::: DATA SECTION

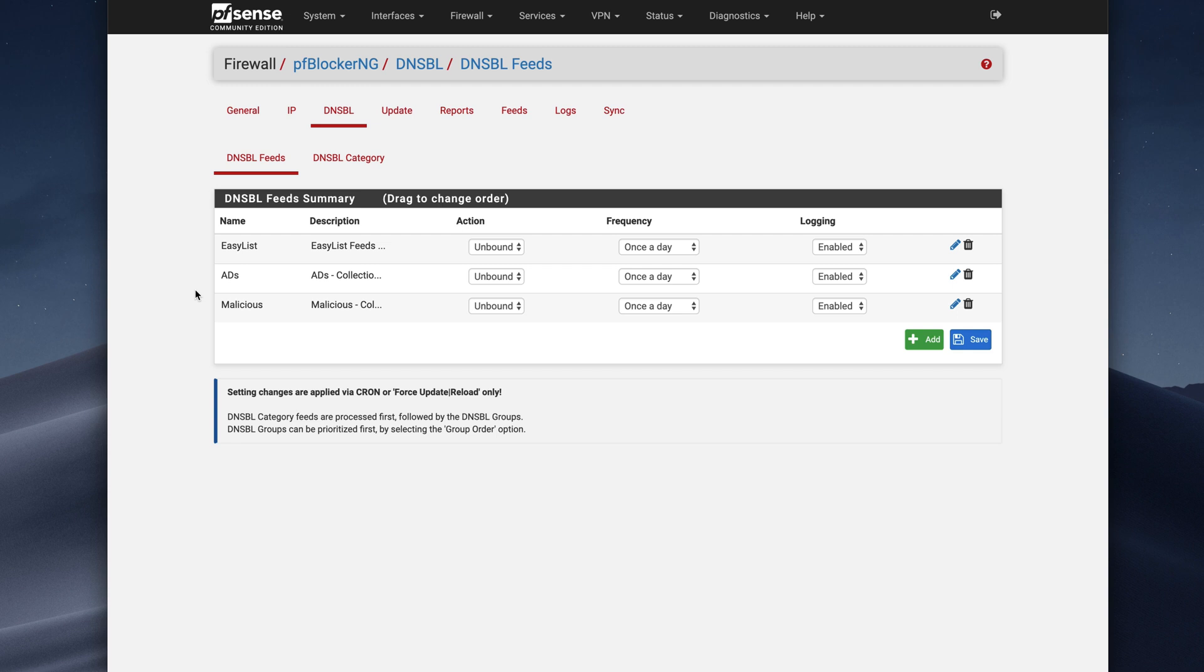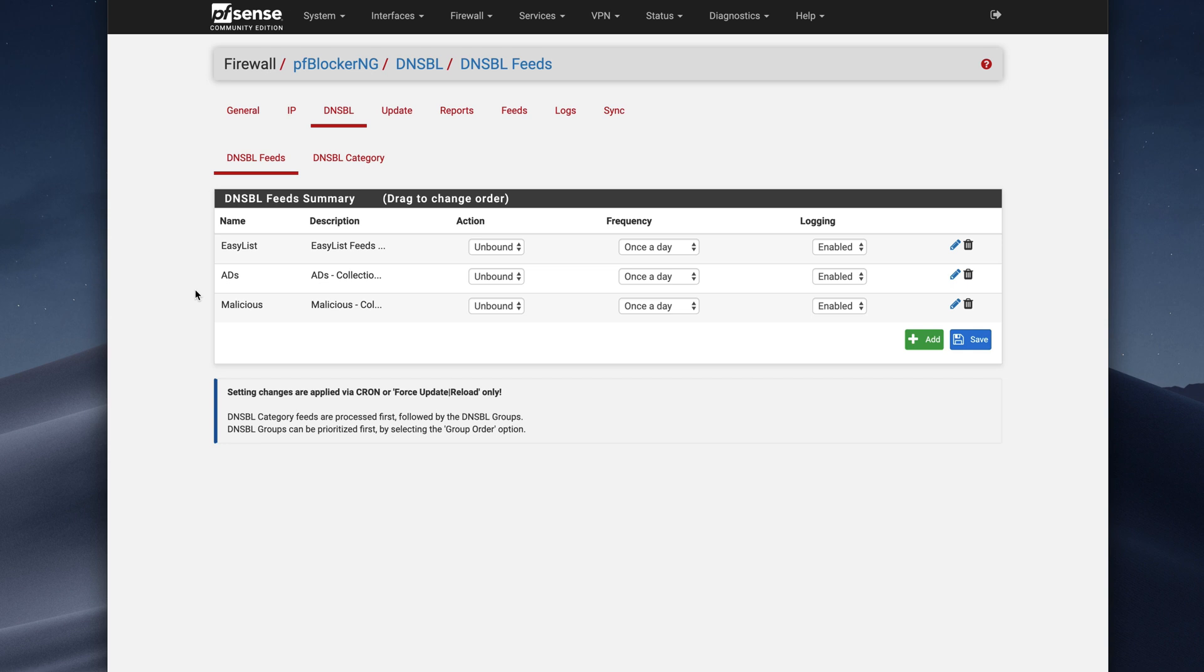So that's pretty much it for this quick video. I just wanted to show you how you can block ads on every single device through your network rather than your individual device specifically. It works pretty well. And I will leave a link to PFBlockerNG if you want to learn more about it in the description below.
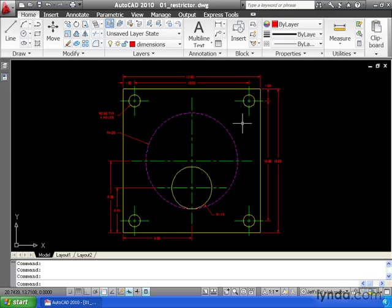Now that my line weights are set, this drawing is ready to plot. In our next lesson, we'll learn how to put this drawing on paper.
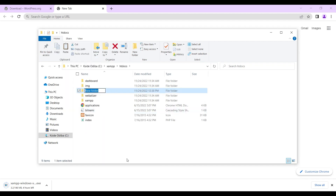You can title the folder whatever you want, as this is the folder where you're going to host your WordPress site. We're going to name our folder 'my new website'. Let's say 'my new website' and then we save it.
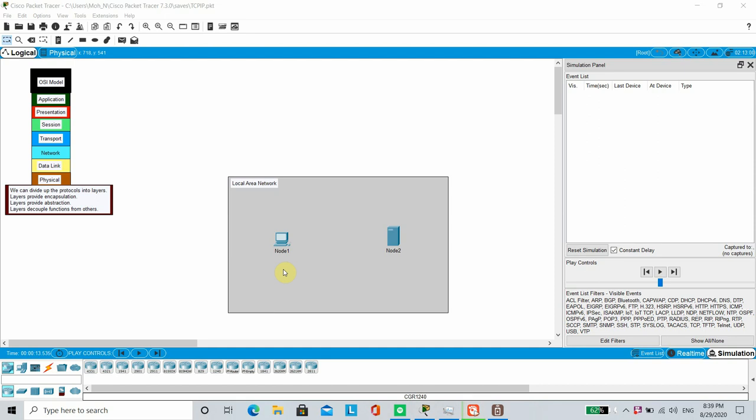Today in this video, I want to discuss about OSI model and how it relates to a real-world scenario where Node 1 wants to communicate to Node 2.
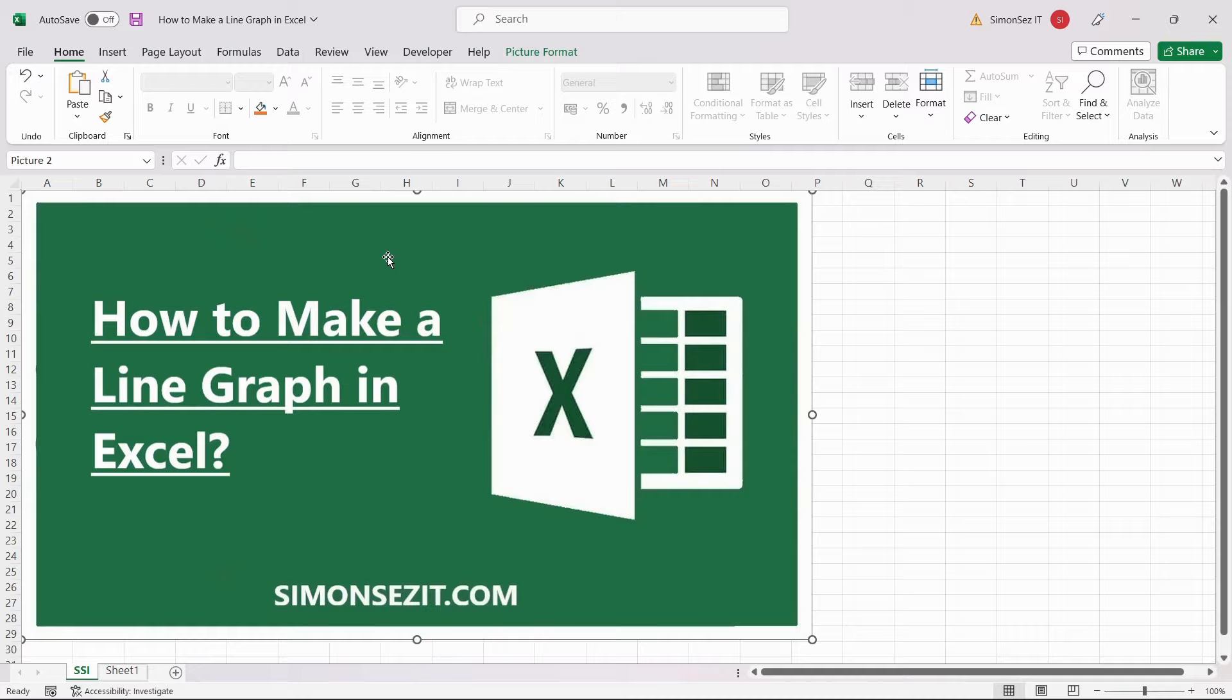Hello everyone, welcome to a new tutorial from Simon Says It. In this video, I will show you how to make a line graph in Excel.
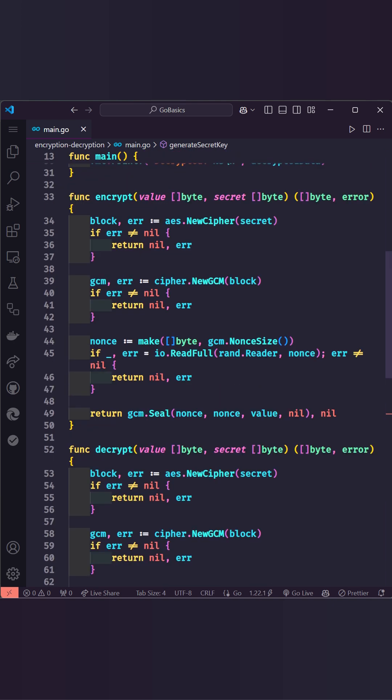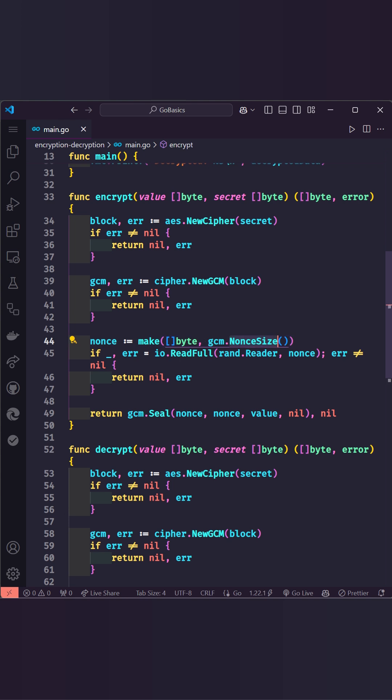To encrypt data, we use AES.newCypher to create a cipher block and cipher.newGcm to wrap it in a Galois counter mode, which ensures both encryption and data integrity. Next we generate a nonce, a unique random value critical for encryption security. Its size is determined by the nonceSize method from GCM.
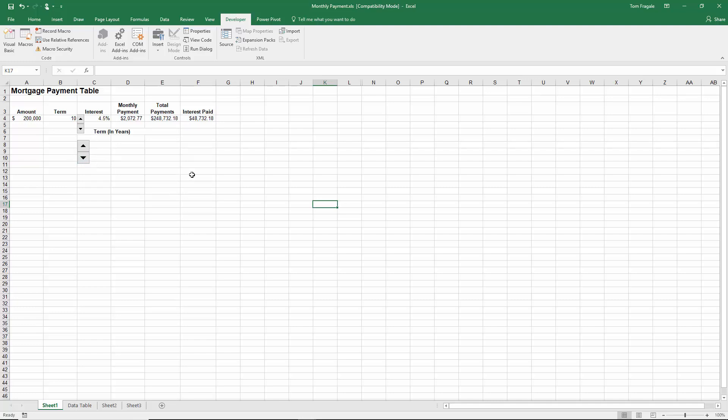So that is what we call a spin button in Microsoft Excel. It really enhances your data entry and most people will know how to use that once they see that.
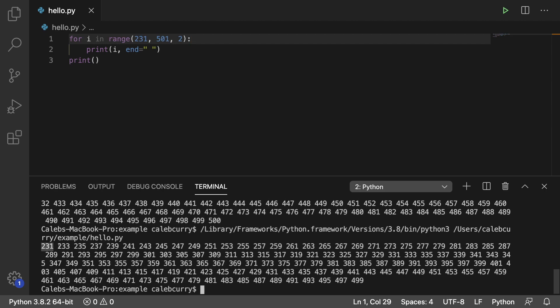We get 235 and it just skips all the even numbers all the way up to 499. 500 does not get included because it skips that 2 after 499 would be 501, and that is exclusive because that's the stopping point for range.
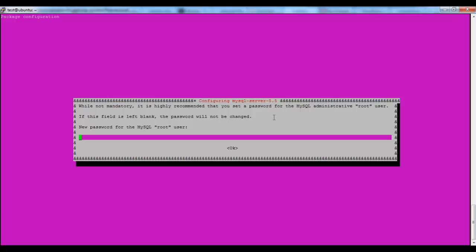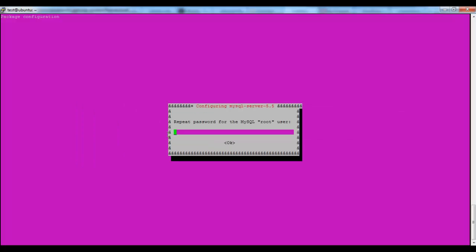We have to set up a root password. I will write it test123 — you don't have to do that. Choosing this kind of password will expose your servers. We have to repeat the password: test123. OK.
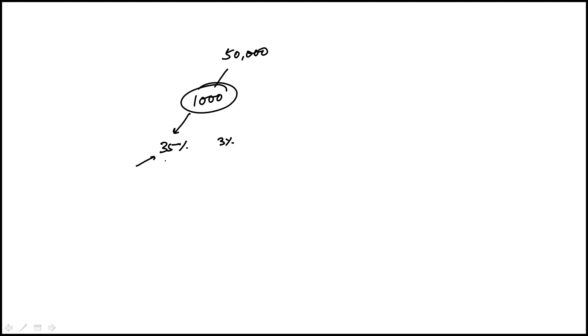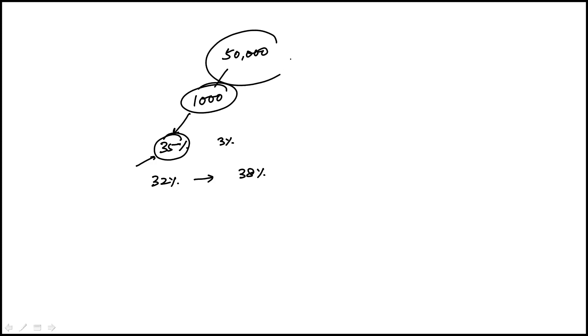the actual average would fall between plus or minus 3% from 35, so that would be 32% to 38%. Now the question is asking what's a plausible value for the total number of people in the population, so they're asking for this, not for the sample.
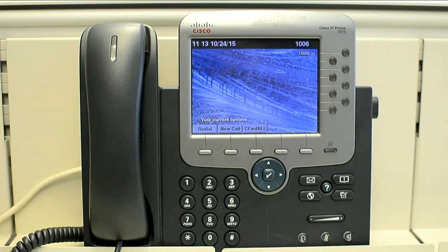In this video I will show you how you can check the call statistics on a phone. This is a very important thing if you are troubleshooting a one-way voice or no-voice issue. It actually tells you whether the RTP streams are actually reaching the phone, or whether our phone is sending the RTP streams or not.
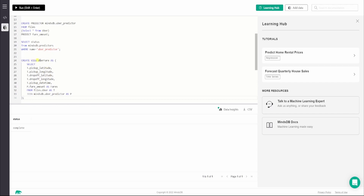To summarize the view statement: CREATE VIEW followed by the view name, then we select the columns to display in the new AI table. 't' is the alias for the data table, so we pick up pickup latitude, pickup longitude, dropoff latitude, dropoff longitude, and pickup datetime. We add one extra column — fare_amount — renamed as 'fares', which is picked from the predictor model. Let's execute this statement.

::::::

### WHAT YOU NEED TO DO
Using the entries above, repeat exactly the lines from the one with "You can title" to the one with "Today in this", both included, and leave the pictures behind.

### RESPONSE TO THIS TASK
You can title the folder whatever you want, as this is the folder where you're going to host your WordPress site. We're going to name our folder 'my new website'. Let's say 'my new website' and then we save it.
Today in this video, I want to discuss about OSI model and how it relates to a real-world scenario where Node 1 wants to communicate to Node 2.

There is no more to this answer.